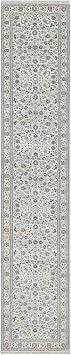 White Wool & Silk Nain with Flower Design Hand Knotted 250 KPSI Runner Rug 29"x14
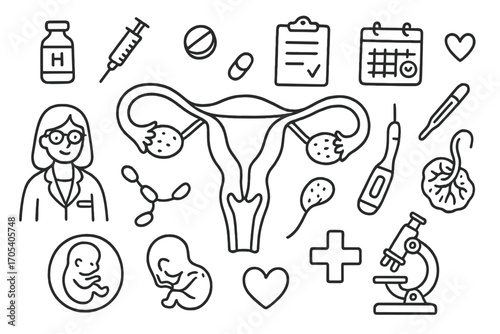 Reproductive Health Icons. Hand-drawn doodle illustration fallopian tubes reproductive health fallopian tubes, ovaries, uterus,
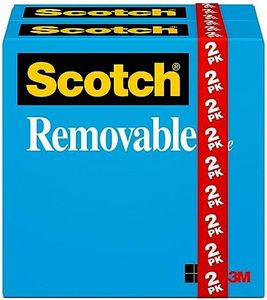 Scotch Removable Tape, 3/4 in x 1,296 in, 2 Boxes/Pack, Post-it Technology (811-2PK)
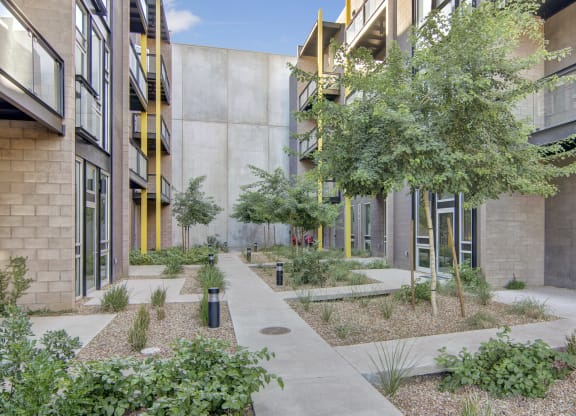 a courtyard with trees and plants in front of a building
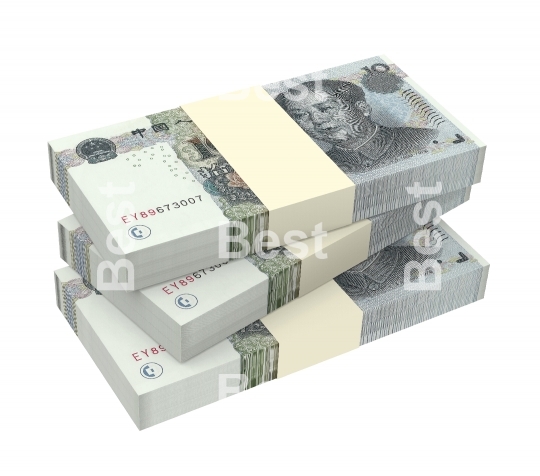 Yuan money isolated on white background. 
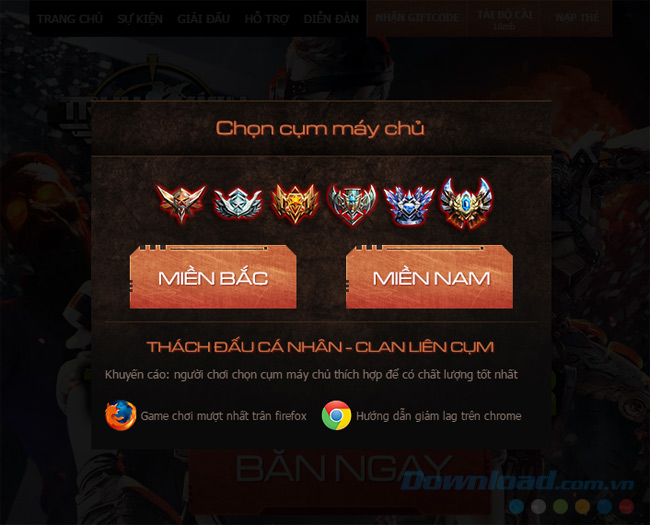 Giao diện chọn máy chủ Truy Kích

****

#### [What to work on]
A word-for-word copy of every entry, with the pictures left out, is the required answer.

#### [Response]
 White Wool & Silk Nain with Flower Design Hand Knotted 250 KPSI Runner Rug 29"x14
 Reproductive Health Icons. Hand-drawn doodle illustration fallopian tubes reproductive health fallopian tubes, ovaries, uterus,
 Scotch Removable Tape, 3/4 in x 1,296 in, 2 Boxes/Pack, Post-it Technology (811-2PK)
 a courtyard with trees and plants in front of a building
 Yuan money isolated on white background. 
 Giao diện chọn máy chủ Truy Kích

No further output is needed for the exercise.